_GOAL OF THE EXERCISE_
Please write out only the lines from the line with "NHÀ 4 TẦNG FULL" to the line with "Volkswagen Golf VII", inclusive, exactly as they stand below, without the pictures.

_EXERCISE INPUTS_
◇ ◇ ◇ ◇ ◇

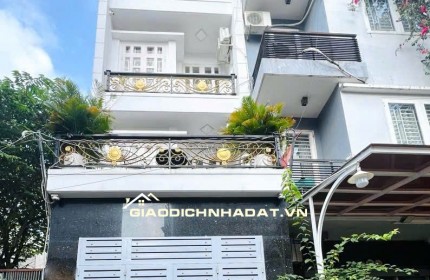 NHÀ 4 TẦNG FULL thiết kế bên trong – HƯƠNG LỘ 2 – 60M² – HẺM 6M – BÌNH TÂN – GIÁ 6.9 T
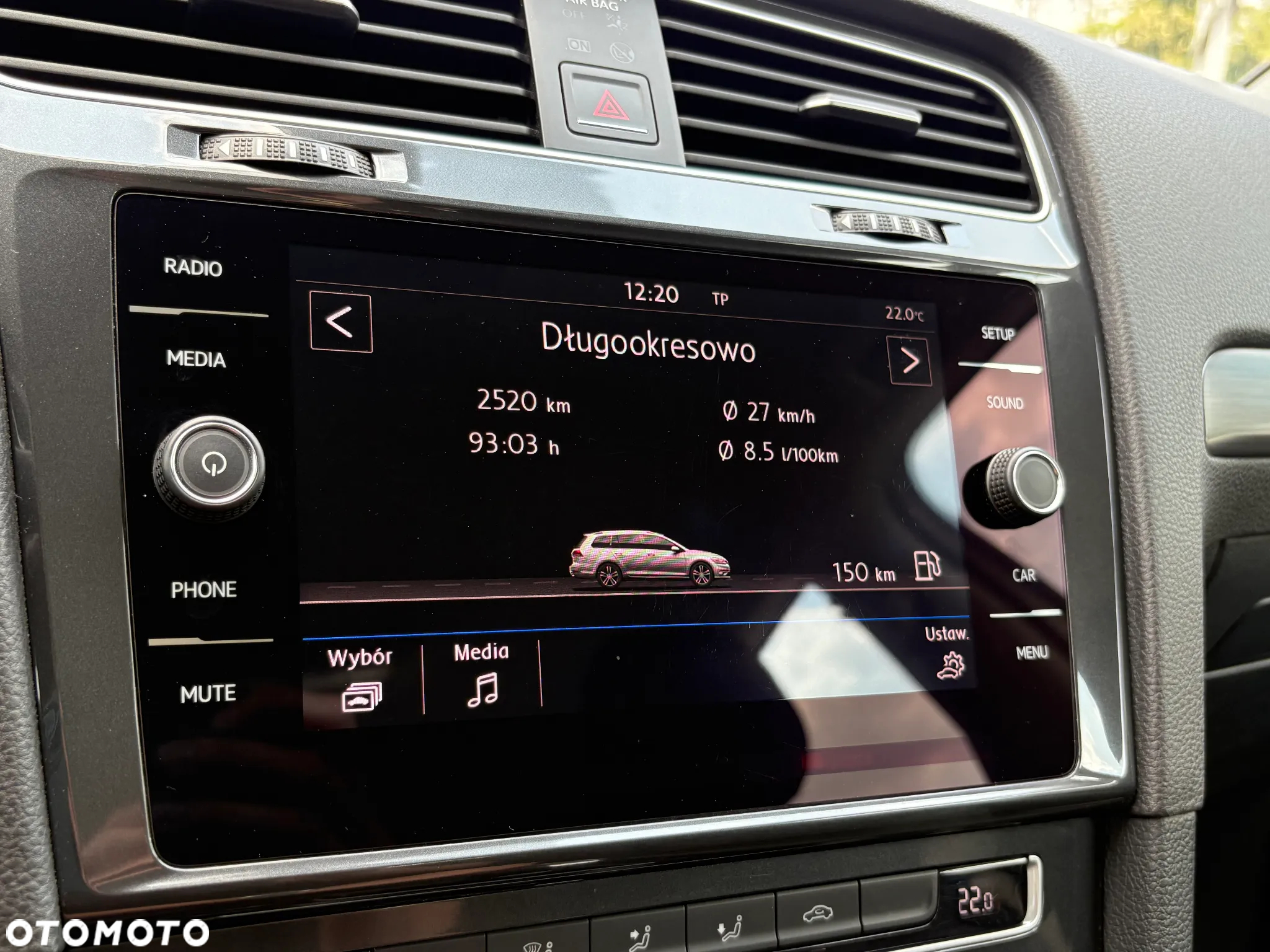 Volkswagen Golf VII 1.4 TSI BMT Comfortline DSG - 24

◇ ◇ ◇ ◇ ◇

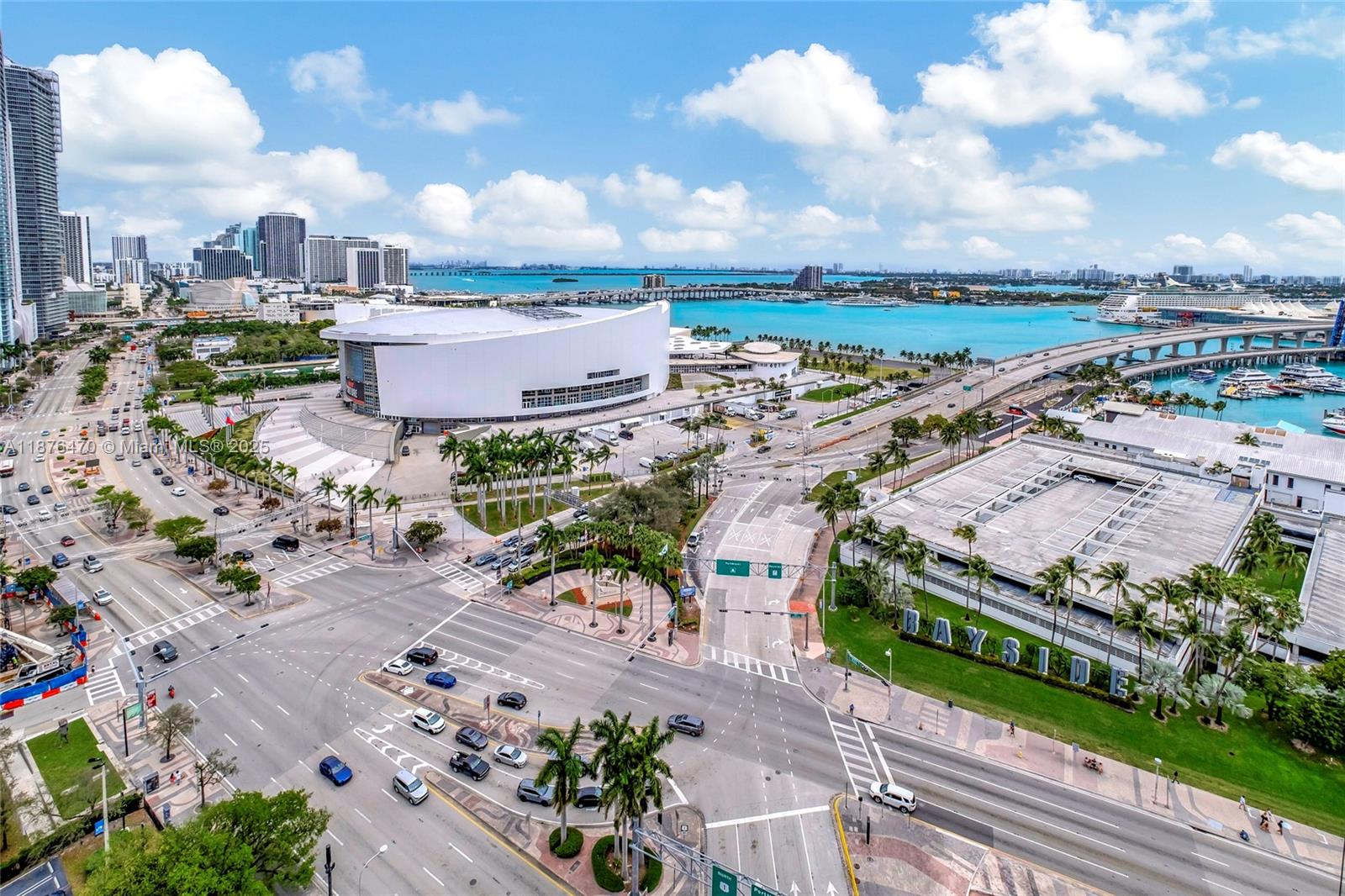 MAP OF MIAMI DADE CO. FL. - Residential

◇ ◇ ◇ ◇ ◇

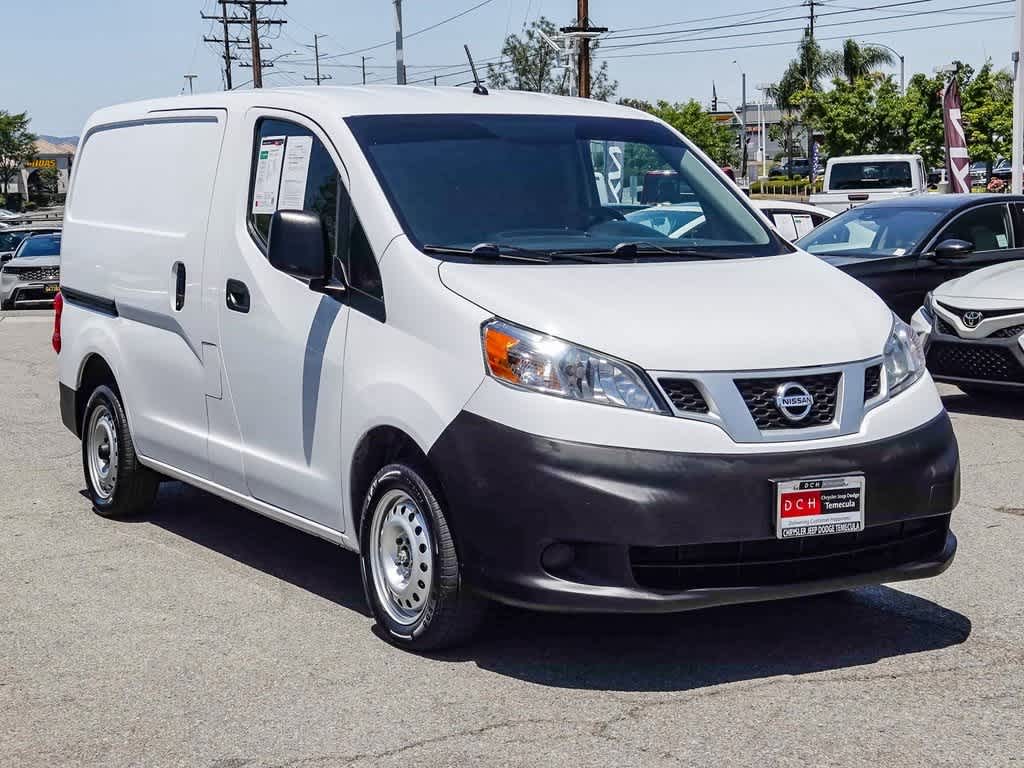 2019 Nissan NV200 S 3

◇ ◇ ◇ ◇ ◇

_ANSWER BOX_
 NHÀ 4 TẦNG FULL thiết kế bên trong – HƯƠNG LỘ 2 – 60M² – HẺM 6M – BÌNH TÂN – GIÁ 6.9 T
 Volkswagen Golf VII 1.4 TSI BMT Comfortline DSG - 24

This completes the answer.